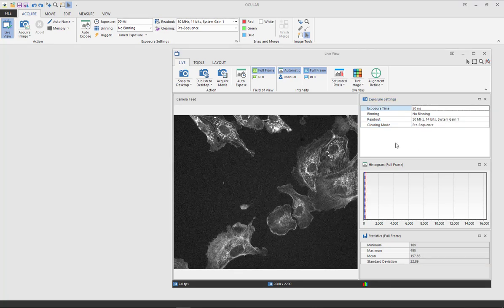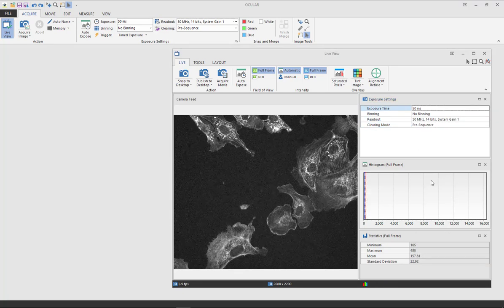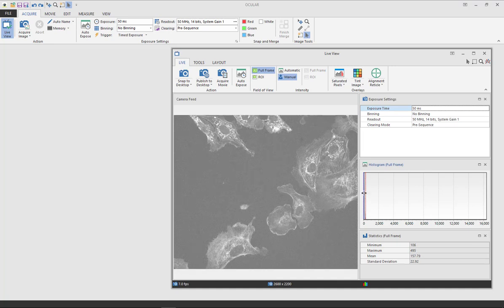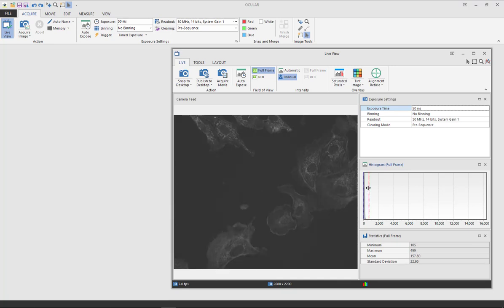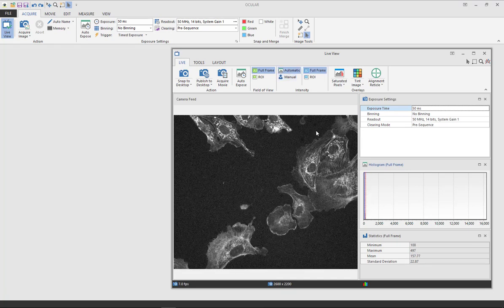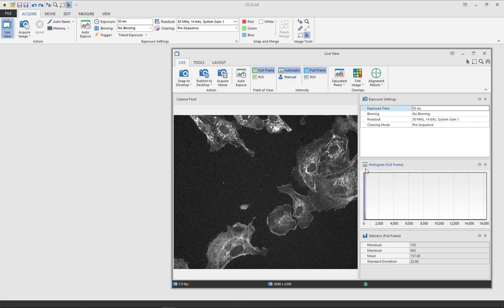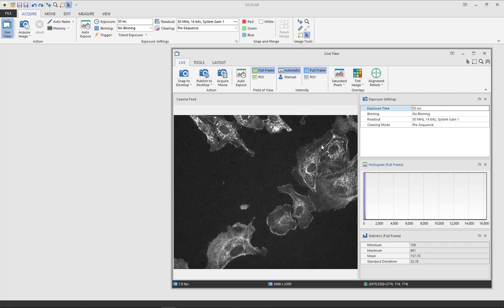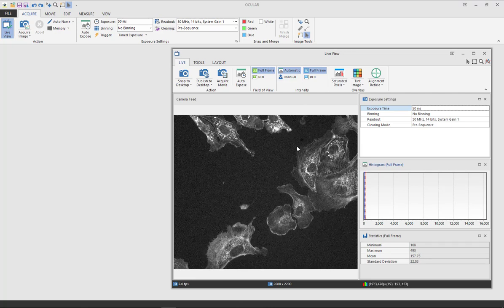Here you will also see the histogram where you can manually adjust the black values and the white values. I'm going to leave this as automatic so that the values will adjust automatically when I'm moving around my sample.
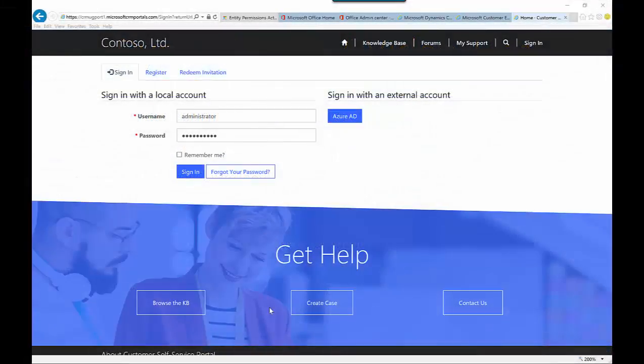Let's look at this from a login perspective. If you're a user logging into the portal, this is the screen you're going to get presented. It gives you the capability to sign in with a local account — this is for contact-based security where all information is stored in the contact record. There are also tabs allowing you to define if users want to register directly for the portal and request access. This is also where federated authentication with external accounts like Facebook or Google would appear.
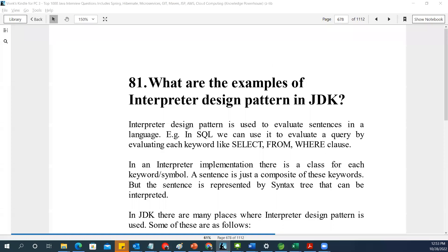Hey guys, welcome back. Today we are going to continue our system design and design pattern interview questions. Design pattern is an interview question which can be asked in all service-based companies. Mostly it will not be asked in a product-based company, but it will be asked in a different fashion — they will give you a low-level design problem where they expect you to come up with some kind of design pattern to give a solution.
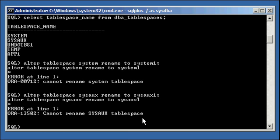So remember, the SystemTableSpace and the SysAuxTableSpace starting in Oracle database 10G and above are very imperative to the Oracle database architecture. So the Oracle kernel will not let you rename those two table spaces or modify them in any way.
================
*INSTRUCTIONS TO FOLLOW:*
Write out verbatim the lines from the one containing "Let's look at" through the last line of the listing above, and no other lines; omit pictures.

*SOLUTION FOR THIS PROBLEM:*
Let's look at this from a login perspective. If you're a user logging into the portal, this is the screen you're going to get presented. It gives you the capability to sign in with a local account — this is for contact-based security where all information is stored in the contact record. There are also tabs allowing you to define if users want to register directly for the portal and request access. This is also where federated authentication with external accounts like Facebook or Google would appear.
Hey guys, welcome back. Today we are going to continue our system design and design pattern interview questions. Design pattern is an interview question which can be asked in all service-based companies. Mostly it will not be asked in a product-based company, but it will be asked in a different fashion — they will give you a low-level design problem where they expect you to come up with some kind of design pattern to give a solution.
So remember, the SystemTableSpace and the SysAuxTableSpace starting in Oracle database 10G and above are very imperative to the Oracle database architecture. So the Oracle kernel will not let you rename those two table spaces or modify them in any way.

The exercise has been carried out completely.